The damage model in ACTA models it rather well until the very close ranges you mentioned - at very close ranges the ph-1 should probably be something like multihit-4 if you really wanted to copy the 'blowing each other away' phenomenon of a range 0 FC pass. (I'm not sure it's a desirable thing to copy but who knows)
 
As you've said the shields are 1/6th of FC so boosting the hull does help make the fights more interesting,

The shields in ACTA are about 1/6th the overall FedCom shields, but as I was noting previously, in reality you will not be taking all your shields as damage in FedCom. In many FedCom games I can often manage about 2 or 3 full shields of damage in a squadron games, but unless you are playing 1 vs 1 then you will not be doing much better than that except in rare cases. In some games you will never get to use more than 1 shield (large games throw too much firepower out in one go), so shields in this game could be seen as superior to FedCom.

Extreme leaky shields and the shield boosting in ACTA make comparisons quite difficult. Whether shields are better or worse than FedCom probably depends on what level of game you are comparing to in FedCom. In a 1 vs 1 ACTA shields are probably weak.
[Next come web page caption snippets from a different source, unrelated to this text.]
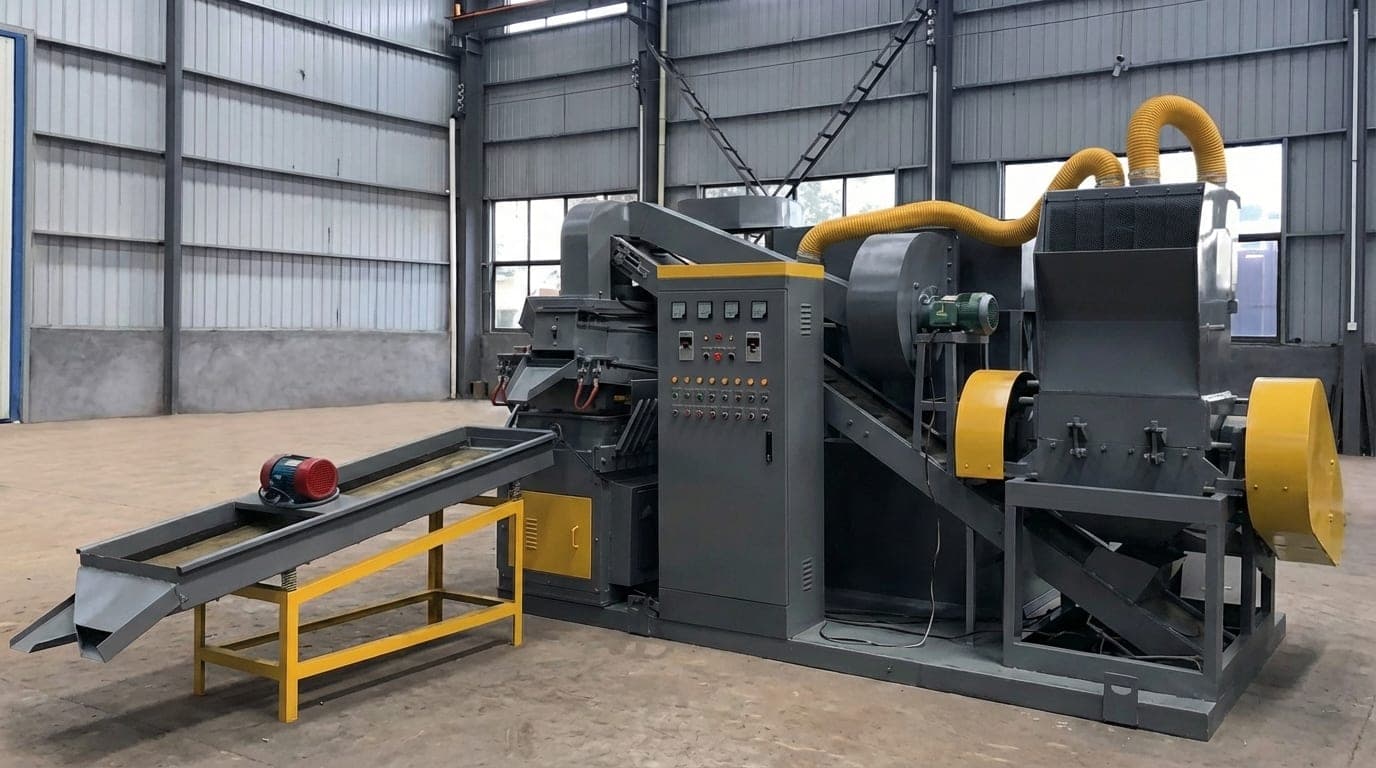 EcoCuivre machine de recyclage de câbles électriques Euro Broyage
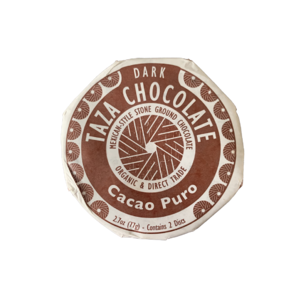 TAZA Chocolate 70% hořká čokoláda CACAO PURO 77 g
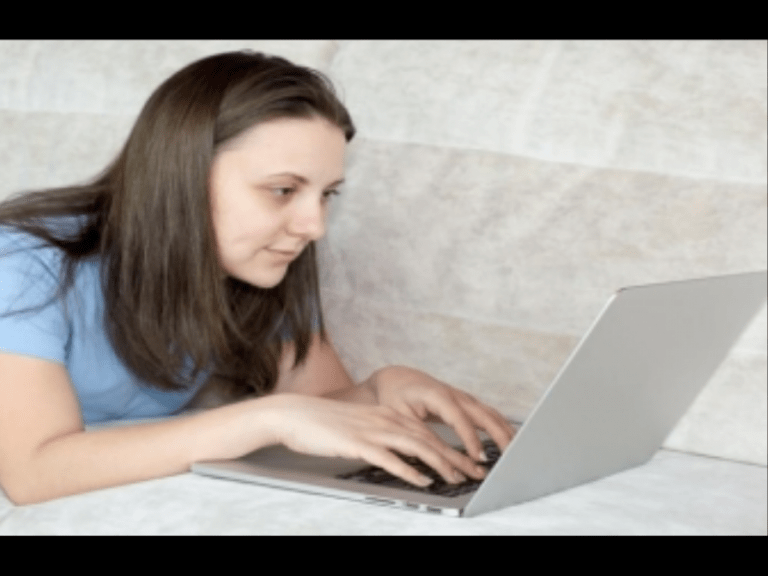 women on the Internet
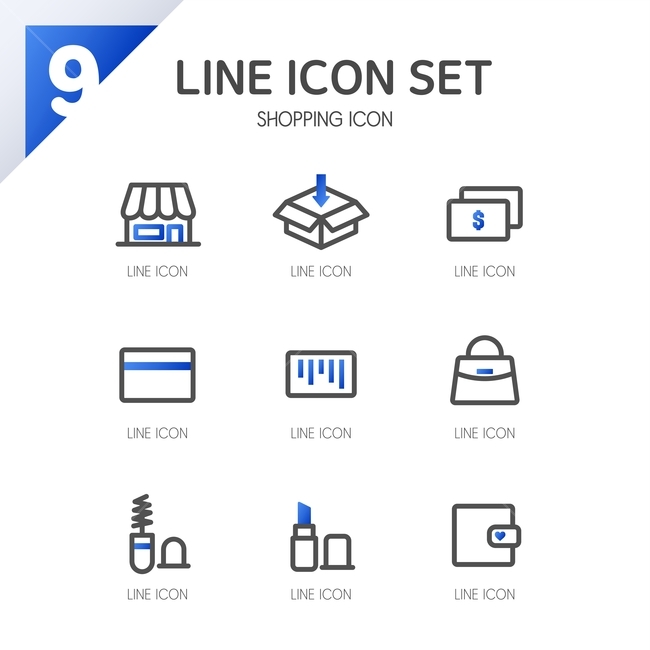 아이콘,픽토그램,라인아이콘,심플아이콘,카드,루즈,립스틱,립클로즈,지갑,쇼핑,shopping,그래픽,일러스트레이션,graphic,illustration,아이콘,icon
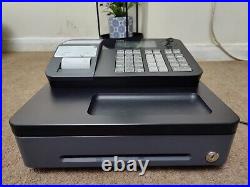 Casio SE G1 Electronic Cash Register + Till Roll + Pgm Key + Manual I 328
Squadron or small fleet feel about right (IMHO), large fleet games they are relatively strong in ACTA.


I agree that weapon damage is not to-scale with FC (though I think that if you're playing FC and firing at range 0-1 regularly you're doing something wrong - that is 'uuber death nobody can survive range' which most likely ends with two crippled ships heading past each other at high speed; most engagements should be at 4-8 hexes (which is bad enough). If all you do is head toward each other and unload at range 0 it's not much of a game) but I don't think what you're doing there is a fair comparison.
Compare it at the 4-8 hex range band and it will match more closely, range 0 was always horrendous death in SFB.
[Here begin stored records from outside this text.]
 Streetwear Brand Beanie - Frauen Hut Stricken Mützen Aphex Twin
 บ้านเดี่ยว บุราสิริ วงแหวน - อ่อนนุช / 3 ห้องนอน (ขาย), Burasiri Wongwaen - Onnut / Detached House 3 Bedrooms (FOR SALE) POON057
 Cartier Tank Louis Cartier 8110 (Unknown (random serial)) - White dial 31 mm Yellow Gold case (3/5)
I can't say much about SFB, I haven't played it in about 25-30 years. FedCom I play a lot though.

In FedCom if you are playing on fixed maps like in ACTA then you cannot avoid the range 0-1 pass if one side wants it. Many FedCom tourney games are decided at very close range - Lyrans, Hydrans, Feds in particular are the dominant empires because they are so good at point blank range. Other empires have less desire to go close, but a klingon cannot avoid the hydran/lyran/Fed coming at him if he has a map edge stopping him running.
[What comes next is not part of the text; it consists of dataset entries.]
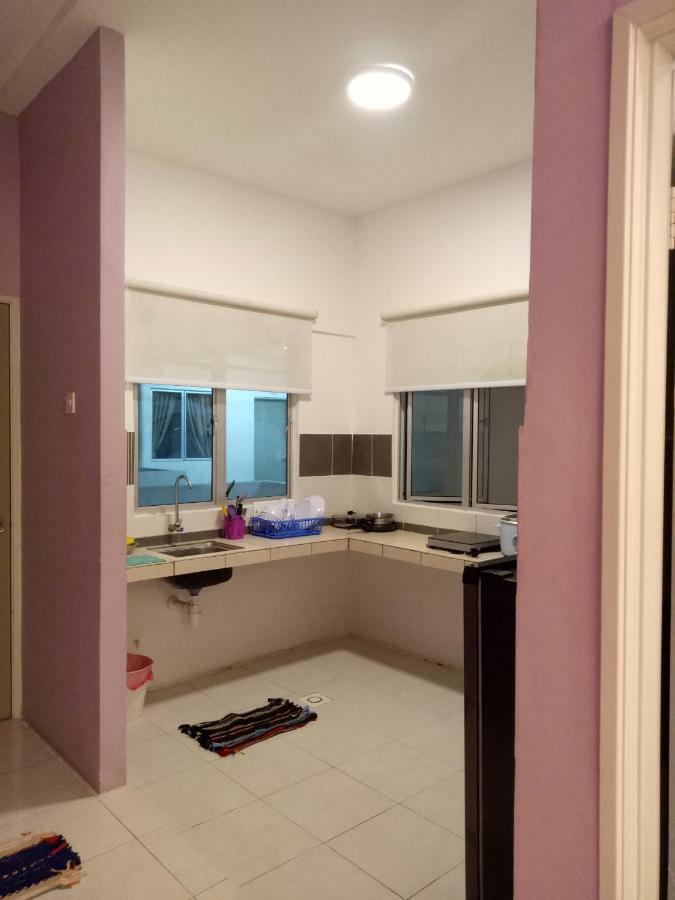 Sky Purple @Ch Apartment Tanah Rata Ngoại thất bức ảnh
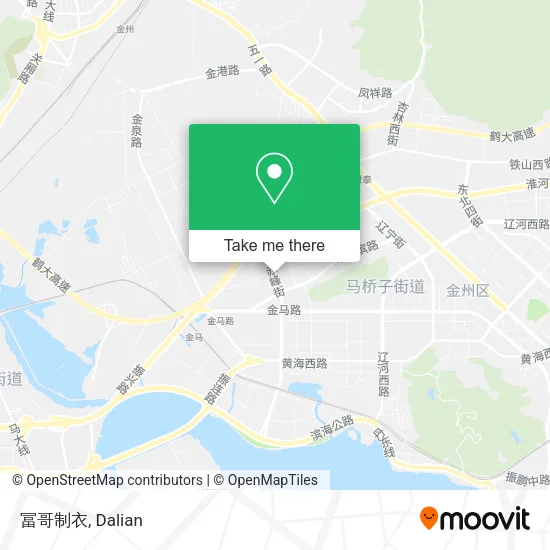 冨哥制衣 map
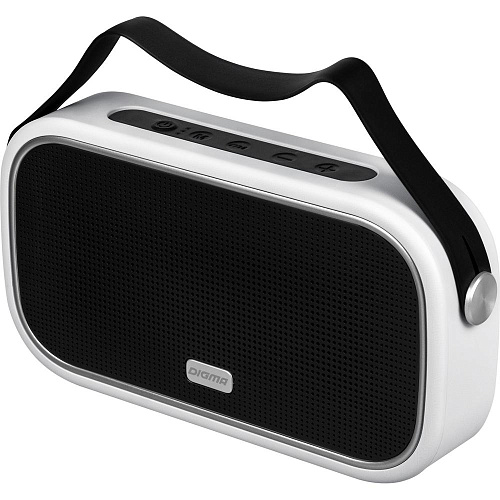 Портативная bluetooth-колонка Digma S-24 White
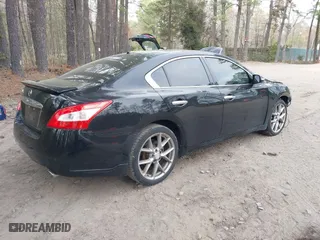 2011 Nissan Maxima 3.5 SV w/Premium Pkg with VIN 1N4AA5AP8BC824023, listed as a IAAI auction lot 41937867 with 159,886 mi miles. Bid and sale history available at carsss.com. Image 4.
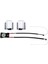 Land Rover Freelander Mk2 2007-2014 Sarmalı Sol Ön Cam Tel Halat Tamir Seti BCDRWY36 1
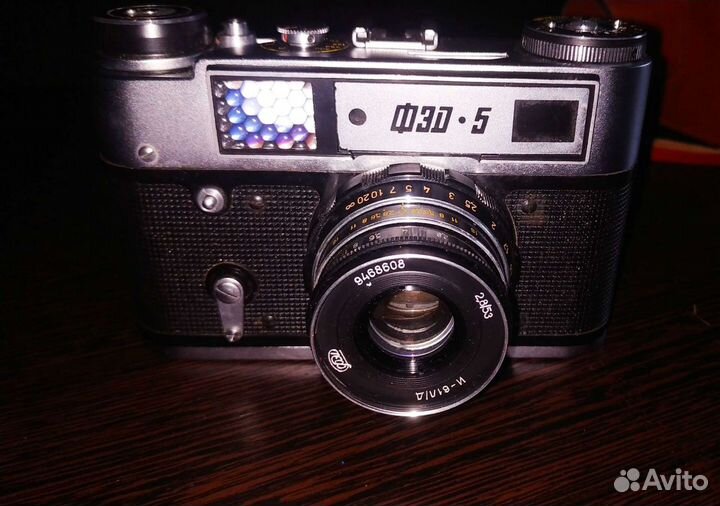 Плёночный фотоаппарат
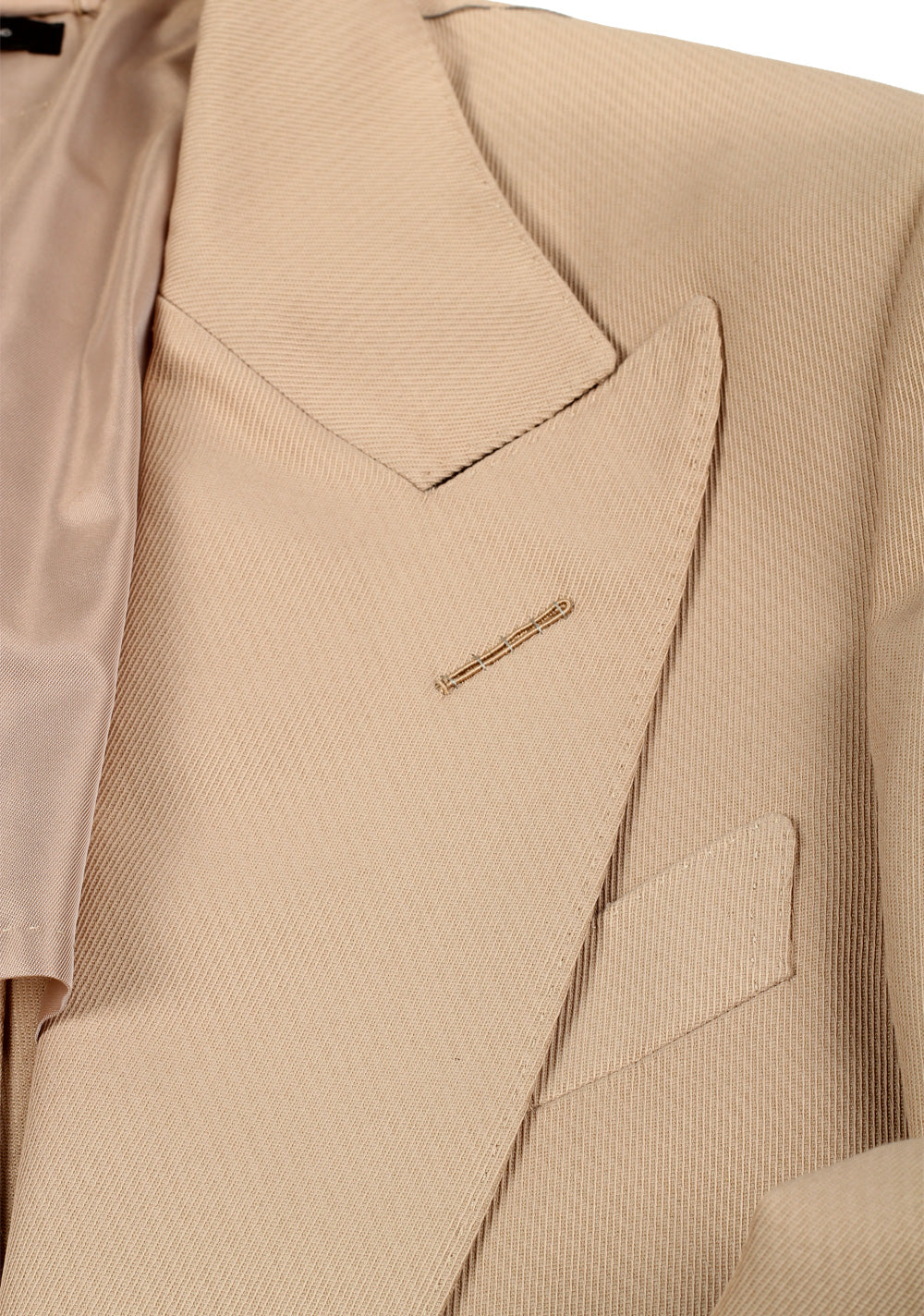 TOM FORD New Spencer Beige Sport Coat Size 46 / 36R U.S.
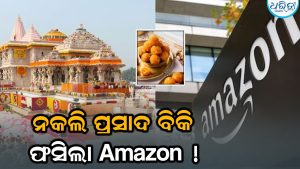 ଅଯୋଧ୍ୟା ପ୍ରସାଦ ନାଁରେ ମିଠା ବିକ୍ରି, ଆମାଜନ୍‌କୁ ଏତେ ଲକ୍ଷର ଜୋରିମାନା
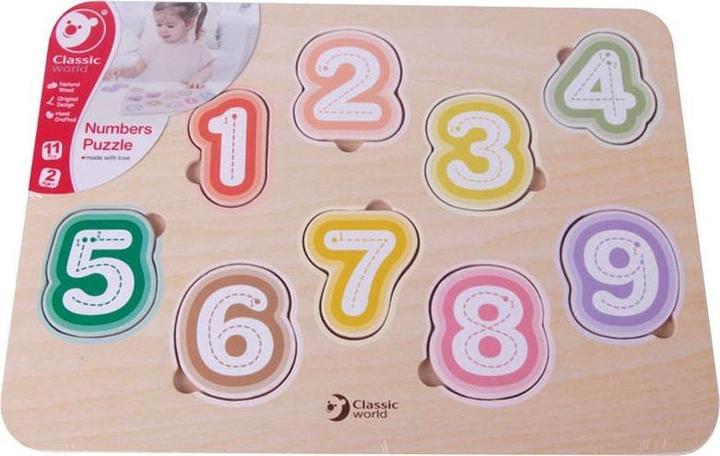 Classic World Number puzzle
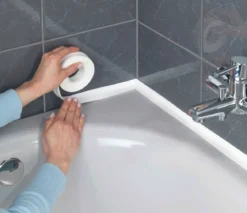 Taśma uszczelniająca do brodzika, 3,5 m, szerokość 2,8 cm, WENKO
Even so look at range 4, A phaser averages 4 damage, that is twice the damage you will get in ACTA. At that range a photon averages over 5 damage, compared to 2 in ACTA - again over twice the damage, plus in FedCom you are much more likely to be firing overload photons making photons far more damaging in FedCom. Disrupters average twice the damage, and again are somewhat more likely to be overloaded. A plasma hitting at that range is about twice as strong in FedCom as well, pending on type.

The comparison I was trying to show was that whilst ACTA ships have good long range damage, on a par or maybe slightly better than a FedCom ship, the FedCom ships rapidly ramp up the damage as they get closer, and that is where most games are decided in FedCom. It may be range 0-1 or 4-8, but FedCom usually comes down to a decisive pass at those closer ranges, where the damage they inflict is on a scale that cancels out the extra internals such ships have in that game.

A fed cruiser with 6 phasers and 4 photons at range 4 has an excellent chance of leaving an enemy cruiser crippled, shield down and over half its internals out in FedCom. In ACTA the Fed cruiser will be very lucky to achieve that (assuming he can get the overload in a game where it is more difficult to achieve that shot). All you woud be doing by doubling the hull values as you proposed somewhere is making ships in ACTA much more durable than they are in the source games.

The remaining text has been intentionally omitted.